*Problem details:* The reply must contain exactly the lines below from the one with "Rating History" down to the one with "Ngày thứ 3 liên", both included, and nothing more; please omit the pictures.

*Dataset records:*

_ _ _

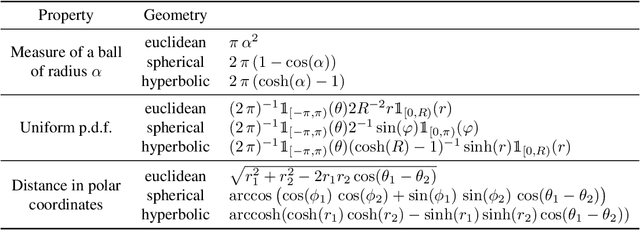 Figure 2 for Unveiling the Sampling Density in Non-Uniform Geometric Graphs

_ _ _

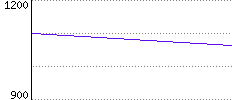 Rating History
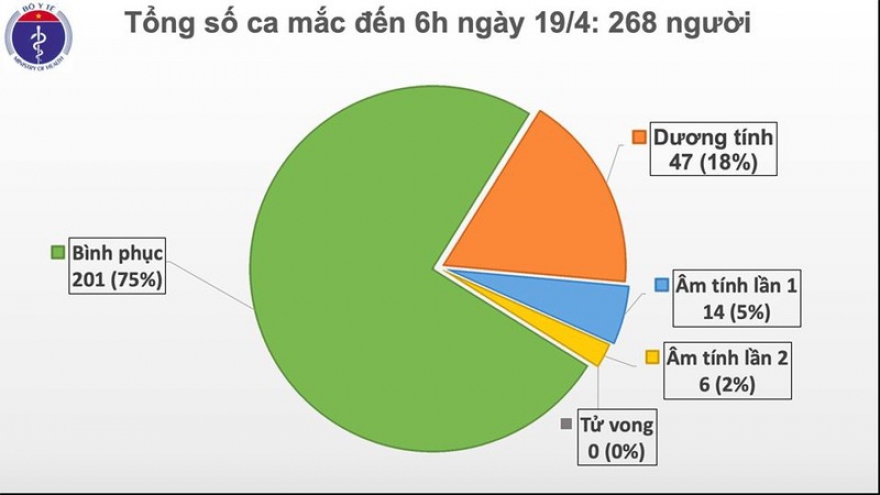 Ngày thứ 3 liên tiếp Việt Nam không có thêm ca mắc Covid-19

_ _ _

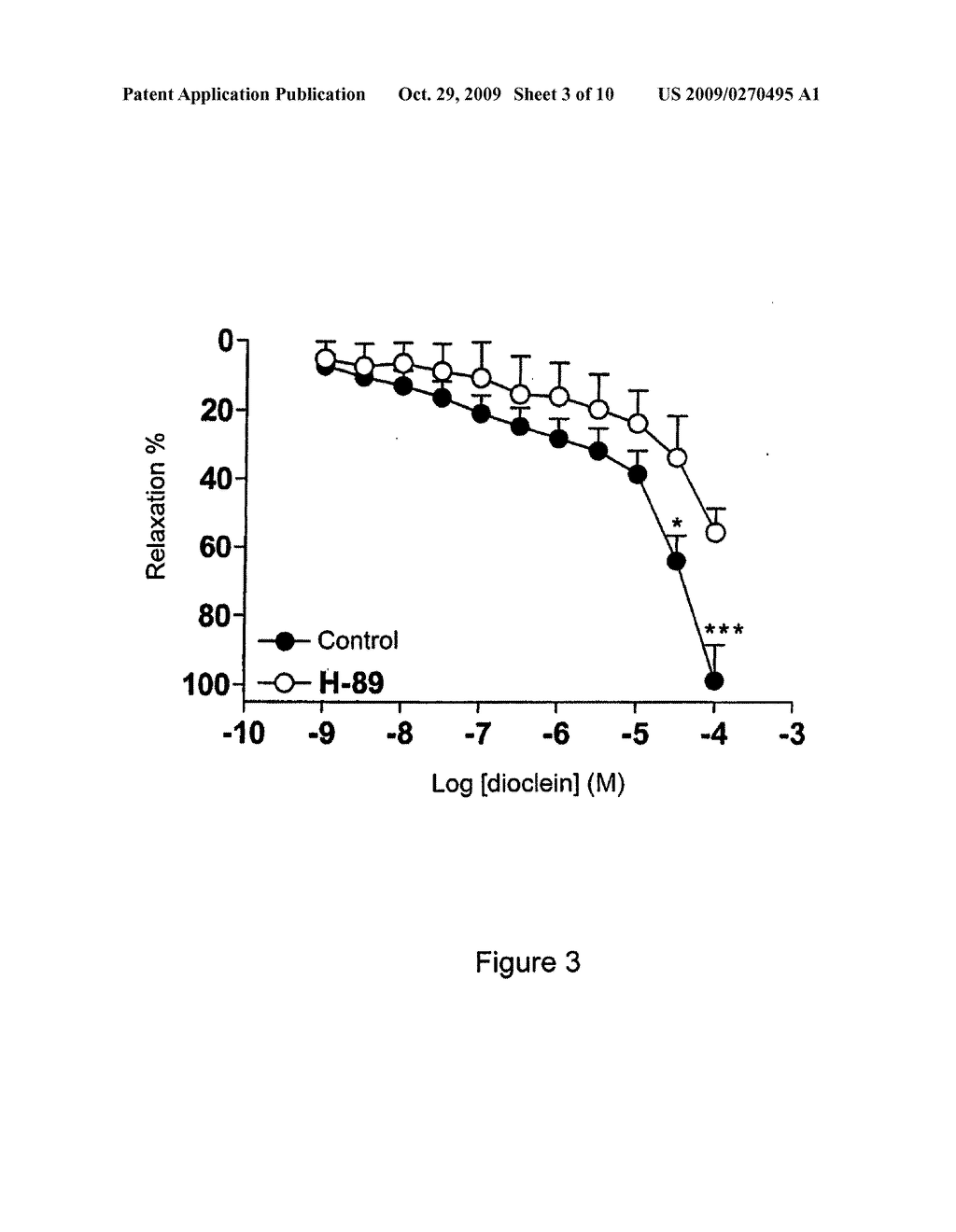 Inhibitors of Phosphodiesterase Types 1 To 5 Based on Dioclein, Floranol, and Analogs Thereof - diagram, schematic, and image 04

_ _ _

*Solved exercise:*
 Rating History
 Ngày thứ 3 liên tiếp Việt Nam không có thêm ca mắc Covid-19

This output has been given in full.